Questo vuol dire che non c’è da un lato la forma e dall’altro lato il contenuto: vuol dire che c’è
l’invenzione formale che è una configurazione, una strutturazione del contenuto.
In altri termini quando mi trovo davanti ad una poesia il senso che io riesco ad individuare non
posso trovarlo detto in altro modo ma c’è un senso, fosse anche il rifiuto del senso come spesso è
accaduto nelle avanguardie storiche del non-sense.
Il non-sense o il senso sono la stessa cosa perché pongono l’accento sul senso appunto in versione
positiva o negativa.
Allora il formalismo è da rigettare in quanto è l’oblìo di questa cosa da dire che può dire solo la
poesia ma è da rigettare ovviamente anche il contenutismo … Ora stranamente mi sembra che negli
ultimi vent’anni, quindici anni si sta affermando una attenzione formalistica esagerata anche
attraverso l’importanza che si sta dando alla metrica.
Questa importanza formalistica credo sia una conseguenza dell’attenzione che si sta dando alla
diffusione dei poeti e delle poesie cioè ad un abbassamento generale dei contenuti, a questo
abbassamento generale dei risultati poetici si sta reagendo con una chiamata endocorporativa con
dei segni distintivi della corporazione e la metrica sembra chiamata a segnalare questa distinzione
corporativa ecco perché credo che sia molto pericoloso per il valore di questa arte l’insistere in
maniera formalista sulla metrica.
2.
Ciò che si può dire in poesia si può solo dire in poesia vale anche per la dimensione sonora del
testo: noi non possiamo scindere la parola dal suono nella poesia, per la verità non possiamo
scindere la parola dall’immagine e dal suono perché la poesia è la sintesi di parola, immagine e
suono, parola intesa come senso: senso, immagine e suono e vi è una specificità della poesia
riguardo al suono per cui la poesia non può essere mutilata, non possiamo considerarla stampata e
silenziosamente stampata, dobbiamo dare voce al suo suono dobbiamo dare il volume sonoro di ciò
che è tridimensionale perché la poesia è come una scultura sonora.
Nello stesso tempo la poesia letta ad alta voce, detta, non è teatro perché il teatro è un’altra cosa, è
un’altra specificità.
Di conseguenza tutti gli effetti e gli effettacci del teatro, del cabaret possono talvolta interessare la
poesia in alcuni momenti della sua storia, ad esempio i futuristi erano molto interessati o i dadaisti,
al cabaret e ad alcune dimensioni spettacolari della poesia ma questo aveva un senso per il carattere
provocatorio di queste prime avanguardie …
Ma la natura della poesia, la sua essenza, non ha a che fare con la spettacolarizzazione, non ha a che
fare con l’aggiunta dell’effetto teatrale perché la poesia non è teatro e infatti quando si ascoltano
degli attori leggere delle poesie ci si accorge che c’è un enfasi che è esagerata rispetto alla potenza
di suono e di senso che la poesia ha già in se incorporata, cioè il testo è un potenziale già
autosufficiente di espressione sonora.
Di conseguenza quando gli attori recitano le poesie aggiungono qualcosa di cui non c’è bisogno e di
qui nasce l’enfasi.
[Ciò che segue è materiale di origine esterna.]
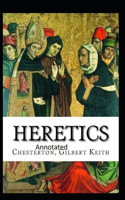 Heretics Twenty Essays Original(Annotated)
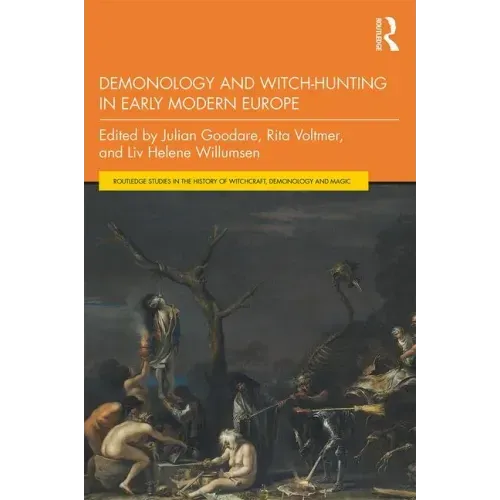 Demonology and Witch-Hunting in Early Modern Europe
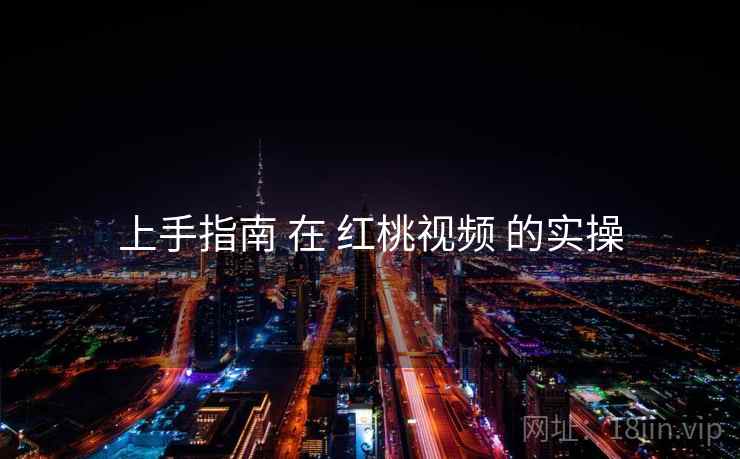 上手指南 在 红桃视频 的实操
La stessa cosa è la trasformazione della poesia in cabaret che sposta la questione
104
verso la performance, la performance è un’arte e una disciplina specifica quindi la poesia non può
fingere di essere una performance perché la poesia è un’arte diversa da quella della performance e
quando alcuni poeti, inconsapevoli di ciò, provano ad essere performativi fanno torto alla specificità
delle due arti ottenendo risultati francamente deludenti.
Biagio Cepollaro
105
IO E LA METRICA (GABBIE, PAROLE, SUONI)
Il momento in cui ho iniziato a scrivere con qualche criterio, abbandonando la modalità romantico-
diaristico-confessional tipica dei tempi del raggiungimento della maggiore età, coincide con quello
in cui ho preso in mano il Beltrami ed ho iniziato a studiare la metrica italiana. La conseguenza
immediata di questi studi si trova nelle mie prime produzioni poetiche, rigorosamente in
endecasillabi. Questo metro allora mi appariva come lo spazio ideale, la sonorità adatta, e come un
modo di confrontarsi con la tradizione, cosa che ritenevo doverosa. Negli stessi anni ascoltavo
musica elettronica e in seguito mi cimentai nell'uso dell'endecasillabo come fosse un loop, un
refrain sonoro, con accenti sempre uguali, il principale sulla sesta sillaba, quasi una cassa rotterdam
"teknopoetica". Col senno di poi credo che per me questo tipo di endecasillabo sia stato
semplicemente una palestra, nella quale ho potuto allenarmi a sistemare quello che volevo dire
secondo un criterio formalerigido, una gabbia nella quale avevo bisogno di rinchiudermi, per poi
poter evadere. Questo percorso può risultare evidente leggendo il primo libro che ho scritto, "La
presenza del vedere", dove la prima sezione, Meccaniche, è integralmente in endecasillabi, mentre
nella seconda, Radiazioni, il verso si allunga e non è più isometrico, ma mantiene una forte
impostazione ritmica e performativa, influenzato dal Pagliarani delle Lezioni e dal Lello Voce dei
Lai, e nella terza, Buio, si asciuga, si ritrae, si scarnifica, e così anche la ritmica risulta più
segmentata e spezzata. Dopo ho pubblicato "Alfabeto provvisorio delle cose", un'operazione
letteraria che non fa della metrica un punto focale, come invece accadeva in La presenza del vedere.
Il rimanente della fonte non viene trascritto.